Australian pine air layering

In this post we have a series of photos from Brian to record the separation of an air layering he did done on an Casuarina equisetifolia or Australian pine. the equisetifolia is a species at home from Vietnam all the way through to eastern Australia. It is much used in Asia as a bonsai species and you can find many striking examples on line.

 This is the tree before the work started.One lower horizontal branch on the left before a big gap to a group of three branches. Also an unremarkable nebari. The plan was to air layer off the upper part just above that first branch.

 Here is the cut with a piece of copper wire wound arond the trunk to prevent the tree bridging the gap. This is a belt and braces move and not essential.

On top of that around the cut where the roots will form some rooting compound has been applied.
After this a 'pot' was put in place to hold potting mix to cover the layer cut.

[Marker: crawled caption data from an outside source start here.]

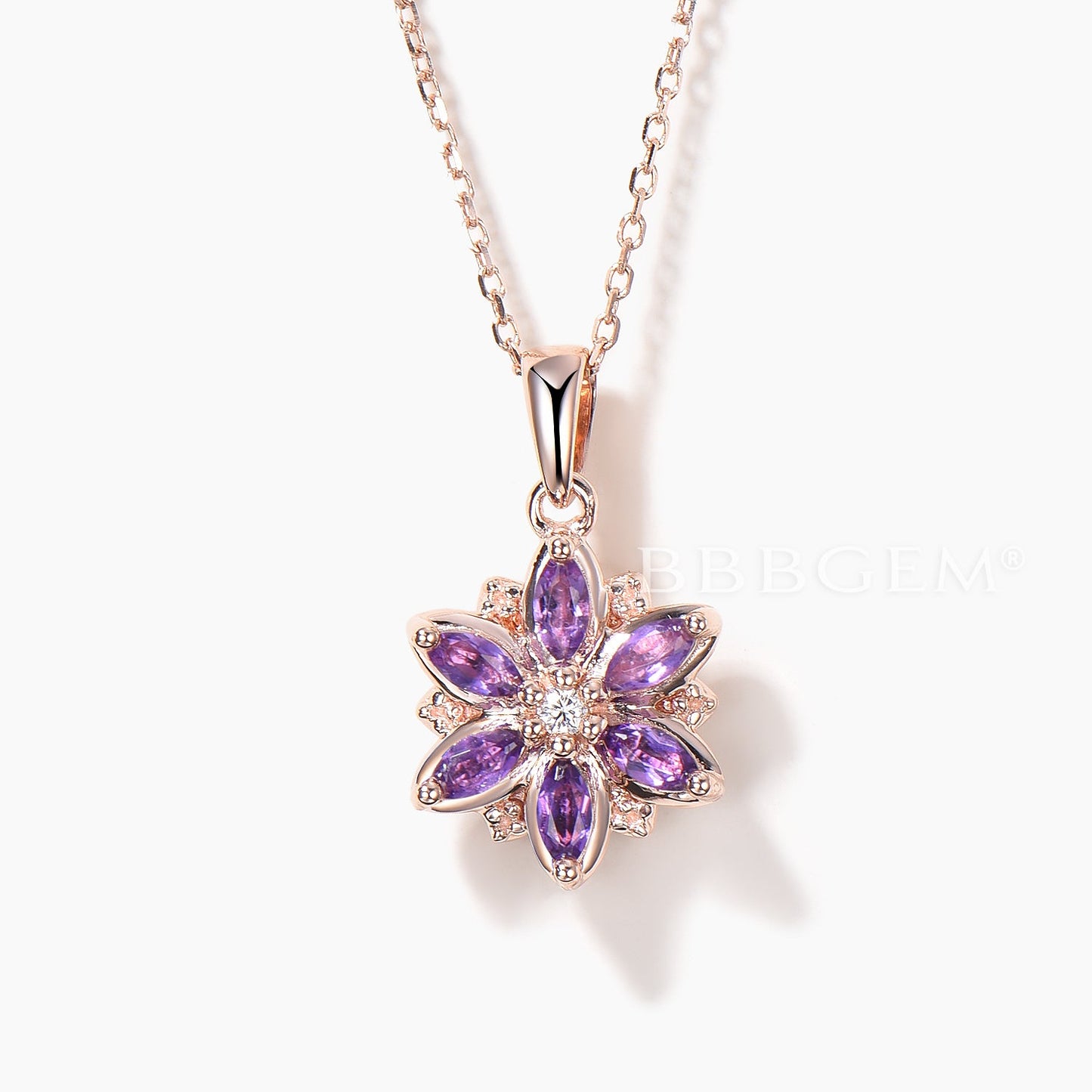Marquise Cut Natural Amethyst Floral Necklace Moissanite Wedding Pendant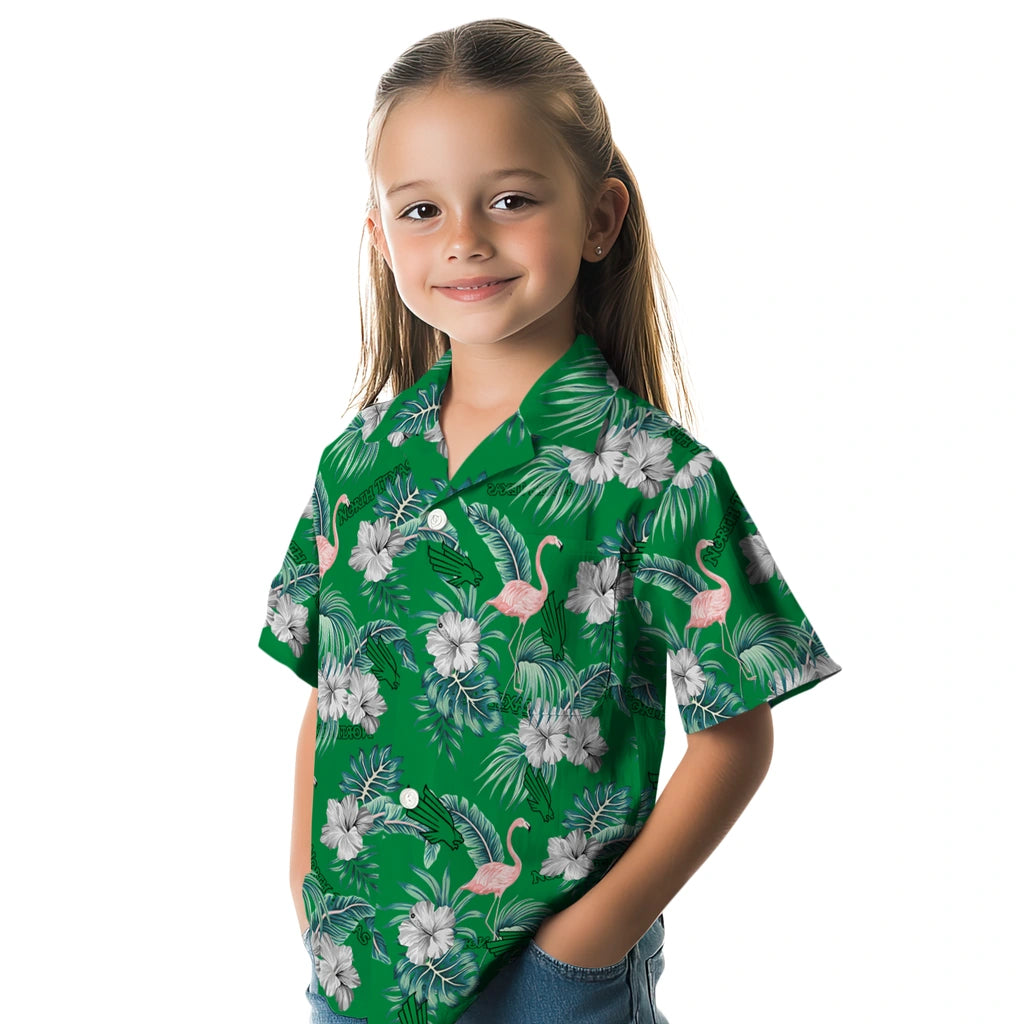 North Texas Mean Green Hawaiian Shirt - Flamingo and Hibiscus | Hula Hawaiian Shirts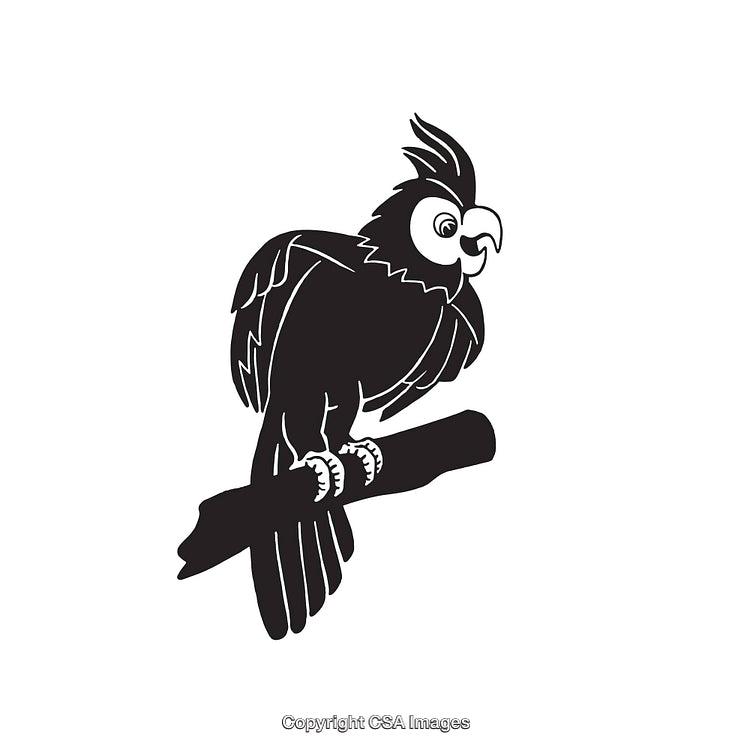 Monochrome Line Art Illustration of a Tropical Bird on a Branch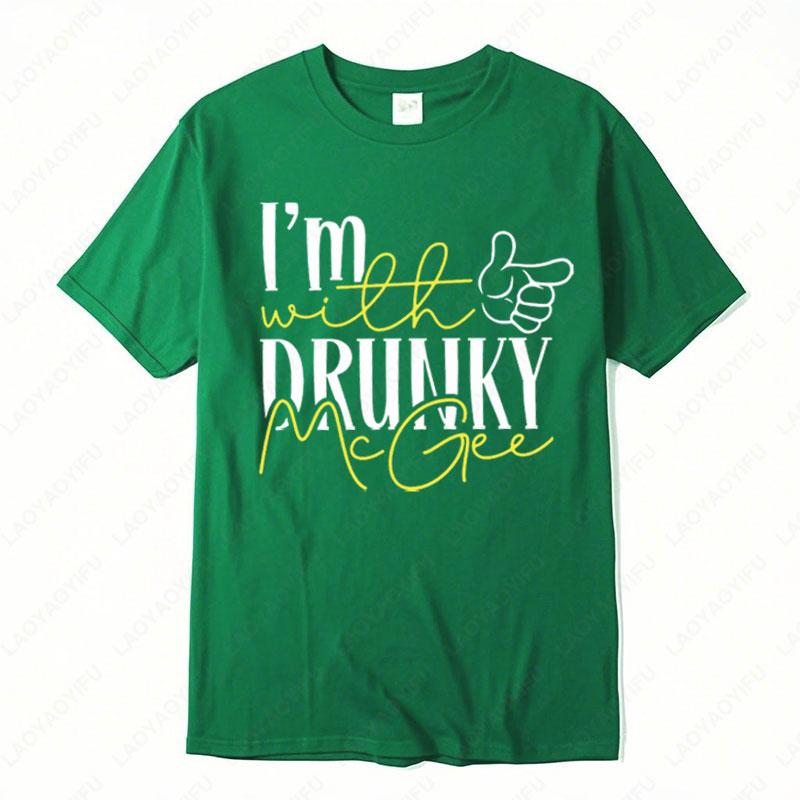 Trendy Couples St Patricks Tshirt Funny Matching Beer Design Printing Tees Mens Womans High Quality Cotton Shortsleeve Tshirt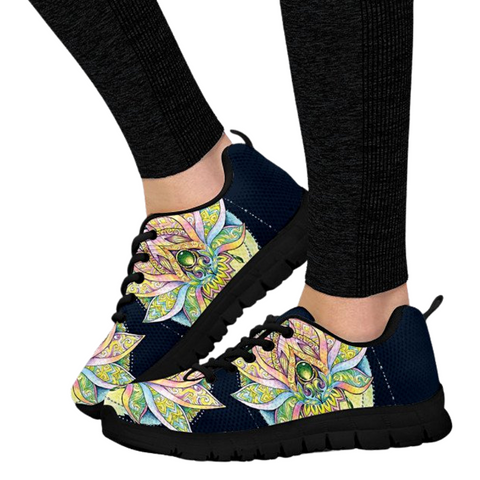 Image of Hippie Colorful Lotus Mandala Athletic Sneakers,Kicks Sports Wear, Kids Shoes,Custom Shoes, Shoes Womens,Low Top Shoes,Top Shoes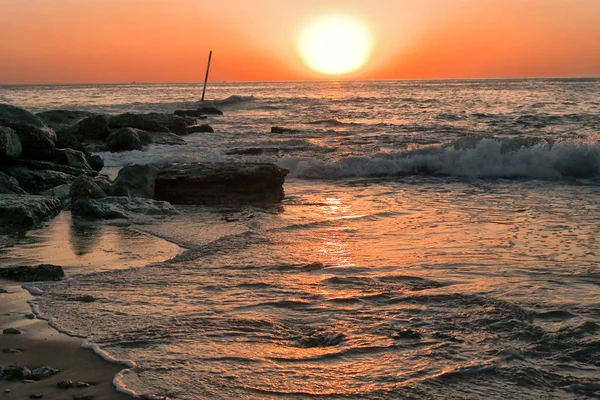 Spiaggia Mare Giorno Colpo Tempo — Foto Stock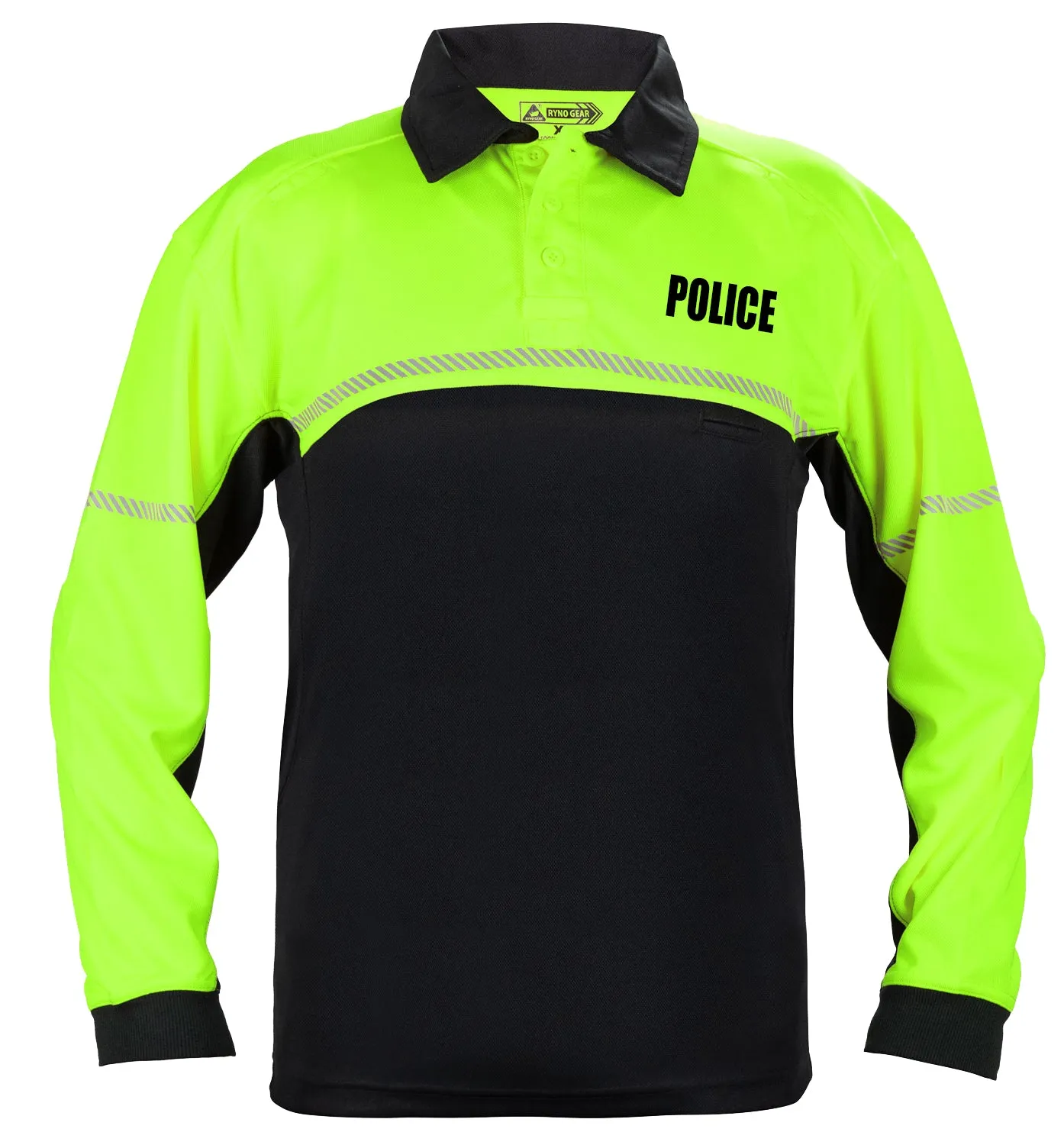 Ryno Gear 100% Polyester Jersey Knit Police Bike Patrol Long Sleeve Polo Shirts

Brian used what looks like a coke bottle which was left open at the top for easy watering. After just 12 weeks you can see the roots have progressed well from the bottom of the 'pot' where the cut was made. The pot had been wrapped with heavy 'duct tape' while the roots developed.


 The tree had one branch on an otherwise long and relatively bare lower trunk. The layering is positioned just above that left hand branch. This will create a shorter tree with better branch density and arrangement.

 With what can be seen in the pot there is no need to unwrap before separating, so here it is cut off.

 After the cut the base remains, alive and well and ready to be crafted into something unique!

 The new tree ready for potting.

 Wow what a great mass of roots.

 From underneath you can see an excellent strike around the full circumference.



Potted and ready to go. This one will not look back.